SYMPOSIA

2010 Symposium: Health Law and The Elderly
Co-chairs: Professors Thaddeus Pope and John Culhane
Each year, the Law School, in cooperation with the Law Review, sponsors symposia that is held at the Law School. This event brings together experts to speak on various facets of timely legal issues. The expert presentations inspire both solicited and unsolicited articles for publication in a subsequent Law Review Volume. Continuing Legal Education (CLE) credits are available for attending such symposia, and the regional Continuing Legal Education organizations work with the Law School to promote this event. Please click the links above for information on this year’s event.
PREVIOUS SYMPOSIA
2009 Symposium: The Child Witness
Symposium Co-Chairs: Professors John Nivala and Jules Epstein
Overview
Law, psychology, advocacy and ethics are all engaged, and have particular applications and impacts, when the witness at a trial is a child. This symposium will address the constellation of issues surrounding child witness testimony – the psychology of children and the inter-related issues of competence and taint; issues of child interviewing and the courtroom presentation of child witness testimony; the child witness, hearsay, and the Confrontaiton guarantee; and ethical issues arising when the witness is a child. The approach will be multi-disciplinary, appropriate for lawyers, para-legals, child advocates, and court personnel.

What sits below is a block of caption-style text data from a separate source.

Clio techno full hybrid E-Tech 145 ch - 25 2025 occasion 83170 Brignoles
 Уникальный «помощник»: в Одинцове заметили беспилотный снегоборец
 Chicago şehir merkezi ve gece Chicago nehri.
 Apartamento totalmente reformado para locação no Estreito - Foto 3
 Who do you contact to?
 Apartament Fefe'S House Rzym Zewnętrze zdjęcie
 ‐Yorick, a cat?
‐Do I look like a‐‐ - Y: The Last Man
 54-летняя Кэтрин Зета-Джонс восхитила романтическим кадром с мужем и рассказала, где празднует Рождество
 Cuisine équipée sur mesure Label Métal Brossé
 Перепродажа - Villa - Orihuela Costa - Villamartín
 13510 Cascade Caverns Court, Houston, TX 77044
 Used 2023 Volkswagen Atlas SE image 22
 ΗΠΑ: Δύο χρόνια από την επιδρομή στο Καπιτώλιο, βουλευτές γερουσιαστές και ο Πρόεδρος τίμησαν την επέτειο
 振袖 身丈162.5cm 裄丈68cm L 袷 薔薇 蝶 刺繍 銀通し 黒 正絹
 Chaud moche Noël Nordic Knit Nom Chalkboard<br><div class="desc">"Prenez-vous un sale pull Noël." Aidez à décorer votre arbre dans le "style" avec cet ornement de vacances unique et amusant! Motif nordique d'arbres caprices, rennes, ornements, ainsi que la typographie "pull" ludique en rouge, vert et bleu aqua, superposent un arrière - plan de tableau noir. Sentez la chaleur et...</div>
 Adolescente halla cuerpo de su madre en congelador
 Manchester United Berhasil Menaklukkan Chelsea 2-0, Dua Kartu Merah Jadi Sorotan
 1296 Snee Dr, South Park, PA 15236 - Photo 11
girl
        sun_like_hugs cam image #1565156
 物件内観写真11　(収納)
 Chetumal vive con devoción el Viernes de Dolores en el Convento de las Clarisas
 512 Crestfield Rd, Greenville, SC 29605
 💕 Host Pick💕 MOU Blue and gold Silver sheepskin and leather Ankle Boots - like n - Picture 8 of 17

2008 Symposium: Living with Climate Change:
Legal Challenges in a Warmer World
Symposium Chair: Professor Kenneth Kristl
Overview
The scientific consensus is clear: climate change is a serious and immediate problem. There is growing acknowledgement that climate change calls for an active and considered response from many sectors of society. Yet even as we develop strategies to reduce limate change and its impact, there can be no avoiding the fact that temperatures will rise. Living with Climate Change: Legal Challenges in a Warmer World will focus on how the law can both mitigate climate change and adapt to the consequences of the warmer world it will bring. The Symposium will take a multifaceted approach, addressing the impacts of climate change on a wide array of legal areas and examining how ideas and approaches drawn from different areas of the law can be employed to combat the problem.
2007 Symposium: Cross-examination:
The Great (?) Engine for Truth Determination
Symposium Chairs: Professors Jules Epstein and John Nivala
Overview
Wigmore (and others before and since) have hailed cross examination as the greatest legal engine ever invented for the discovery of truth. But, one can question that proposition even though it continues to pervade national jurisprudence. This symposium will examine cross examination—its historic roots, its perceived effectiveness and demonstrated inadequacies, and its role in the electronic age.